# [EXERCISE]
Using the records that appear below, write out exactly the lines from the one with "Narodeninové prianie - Znak Batman" through the one with "Mech Force Protection screenshot 2", keeping both end lines.

___ GIVEN ENTRIES

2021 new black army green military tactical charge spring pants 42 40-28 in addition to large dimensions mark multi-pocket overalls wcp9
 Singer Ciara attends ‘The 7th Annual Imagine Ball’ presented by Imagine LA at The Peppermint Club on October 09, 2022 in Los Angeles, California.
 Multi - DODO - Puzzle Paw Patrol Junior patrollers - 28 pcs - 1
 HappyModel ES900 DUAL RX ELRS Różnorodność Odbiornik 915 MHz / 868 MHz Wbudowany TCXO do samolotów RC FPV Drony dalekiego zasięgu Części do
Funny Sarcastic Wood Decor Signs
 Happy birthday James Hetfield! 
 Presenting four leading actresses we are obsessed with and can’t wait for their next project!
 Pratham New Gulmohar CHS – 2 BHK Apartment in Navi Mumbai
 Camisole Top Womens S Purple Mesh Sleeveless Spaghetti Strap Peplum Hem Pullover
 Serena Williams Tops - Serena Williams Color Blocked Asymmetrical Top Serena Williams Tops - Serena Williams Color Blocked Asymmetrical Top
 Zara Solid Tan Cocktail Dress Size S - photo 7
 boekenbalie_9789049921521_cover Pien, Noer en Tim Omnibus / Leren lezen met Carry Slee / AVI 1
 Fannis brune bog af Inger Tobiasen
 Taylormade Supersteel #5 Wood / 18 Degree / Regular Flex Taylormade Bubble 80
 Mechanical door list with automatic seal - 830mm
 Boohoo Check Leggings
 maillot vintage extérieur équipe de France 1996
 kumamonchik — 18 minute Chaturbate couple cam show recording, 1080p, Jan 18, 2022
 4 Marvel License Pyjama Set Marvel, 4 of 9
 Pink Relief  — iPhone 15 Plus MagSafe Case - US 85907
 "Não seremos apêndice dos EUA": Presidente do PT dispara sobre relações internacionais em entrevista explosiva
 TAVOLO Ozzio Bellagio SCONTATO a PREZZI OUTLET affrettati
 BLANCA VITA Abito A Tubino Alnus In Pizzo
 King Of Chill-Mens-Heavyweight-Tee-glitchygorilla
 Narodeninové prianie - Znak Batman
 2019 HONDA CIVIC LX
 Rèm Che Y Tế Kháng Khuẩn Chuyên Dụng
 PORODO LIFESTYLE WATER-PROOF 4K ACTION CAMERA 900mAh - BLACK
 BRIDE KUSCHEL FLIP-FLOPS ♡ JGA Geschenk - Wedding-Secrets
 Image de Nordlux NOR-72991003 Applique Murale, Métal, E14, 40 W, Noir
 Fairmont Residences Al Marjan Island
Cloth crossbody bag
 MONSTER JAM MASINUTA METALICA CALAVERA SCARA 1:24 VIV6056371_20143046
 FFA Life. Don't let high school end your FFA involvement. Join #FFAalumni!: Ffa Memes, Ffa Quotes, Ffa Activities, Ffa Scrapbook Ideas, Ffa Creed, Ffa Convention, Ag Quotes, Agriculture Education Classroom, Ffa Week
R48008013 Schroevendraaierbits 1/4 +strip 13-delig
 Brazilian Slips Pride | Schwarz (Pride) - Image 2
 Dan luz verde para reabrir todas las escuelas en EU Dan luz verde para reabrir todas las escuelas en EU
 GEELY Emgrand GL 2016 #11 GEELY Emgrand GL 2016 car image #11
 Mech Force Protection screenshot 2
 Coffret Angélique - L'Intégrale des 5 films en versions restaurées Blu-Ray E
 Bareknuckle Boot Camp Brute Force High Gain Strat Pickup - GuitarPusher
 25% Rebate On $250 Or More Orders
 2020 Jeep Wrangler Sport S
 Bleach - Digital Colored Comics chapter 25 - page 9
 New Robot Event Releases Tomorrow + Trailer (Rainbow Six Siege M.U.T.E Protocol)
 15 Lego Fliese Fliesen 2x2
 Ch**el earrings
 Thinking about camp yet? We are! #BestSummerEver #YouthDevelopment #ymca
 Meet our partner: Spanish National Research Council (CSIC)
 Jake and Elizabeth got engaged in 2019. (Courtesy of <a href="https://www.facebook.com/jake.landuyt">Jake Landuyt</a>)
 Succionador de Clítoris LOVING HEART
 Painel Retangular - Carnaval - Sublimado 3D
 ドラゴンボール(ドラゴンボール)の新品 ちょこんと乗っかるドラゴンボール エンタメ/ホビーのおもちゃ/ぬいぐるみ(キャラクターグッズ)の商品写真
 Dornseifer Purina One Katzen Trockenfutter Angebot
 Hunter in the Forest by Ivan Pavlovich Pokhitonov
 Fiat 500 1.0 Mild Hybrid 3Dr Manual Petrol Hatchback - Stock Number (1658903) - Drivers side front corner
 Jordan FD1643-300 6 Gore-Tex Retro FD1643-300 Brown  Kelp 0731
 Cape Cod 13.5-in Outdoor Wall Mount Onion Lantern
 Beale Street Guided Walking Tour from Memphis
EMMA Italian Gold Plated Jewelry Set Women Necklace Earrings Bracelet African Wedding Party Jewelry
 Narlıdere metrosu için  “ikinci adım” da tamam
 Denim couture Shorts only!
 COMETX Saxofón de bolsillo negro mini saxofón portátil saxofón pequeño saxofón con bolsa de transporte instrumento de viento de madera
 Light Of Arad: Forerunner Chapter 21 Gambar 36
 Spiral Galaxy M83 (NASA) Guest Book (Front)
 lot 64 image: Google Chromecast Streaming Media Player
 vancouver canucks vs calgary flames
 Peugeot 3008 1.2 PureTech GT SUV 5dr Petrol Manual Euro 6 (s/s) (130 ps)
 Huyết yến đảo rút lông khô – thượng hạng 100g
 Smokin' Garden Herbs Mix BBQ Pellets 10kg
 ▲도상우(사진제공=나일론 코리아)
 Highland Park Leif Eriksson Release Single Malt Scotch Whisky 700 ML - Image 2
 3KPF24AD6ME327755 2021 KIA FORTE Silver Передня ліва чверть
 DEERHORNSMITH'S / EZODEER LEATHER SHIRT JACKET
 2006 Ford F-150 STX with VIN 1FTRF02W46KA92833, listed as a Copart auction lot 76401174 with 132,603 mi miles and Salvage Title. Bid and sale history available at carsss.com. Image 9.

______

# [TASK SOLUTION]
 Narodeninové prianie - Znak Batman
 2019 HONDA CIVIC LX
 Rèm Che Y Tế Kháng Khuẩn Chuyên Dụng
 PORODO LIFESTYLE WATER-PROOF 4K ACTION CAMERA 900mAh - BLACK
 BRIDE KUSCHEL FLIP-FLOPS ♡ JGA Geschenk - Wedding-Secrets
 Image de Nordlux NOR-72991003 Applique Murale, Métal, E14, 40 W, Noir
 Fairmont Residences Al Marjan Island
Cloth crossbody bag
 MONSTER JAM MASINUTA METALICA CALAVERA SCARA 1:24 VIV6056371_20143046
 FFA Life. Don't let high school end your FFA involvement. Join #FFAalumni!: Ffa Memes, Ffa Quotes, Ffa Activities, Ffa Scrapbook Ideas, Ffa Creed, Ffa Convention, Ag Quotes, Agriculture Education Classroom, Ffa Week
R48008013 Schroevendraaierbits 1/4 +strip 13-delig
 Brazilian Slips Pride | Schwarz (Pride) - Image 2
 Dan luz verde para reabrir todas las escuelas en EU Dan luz verde para reabrir todas las escuelas en EU
 GEELY Emgrand GL 2016 #11 GEELY Emgrand GL 2016 car image #11
 Mech Force Protection screenshot 2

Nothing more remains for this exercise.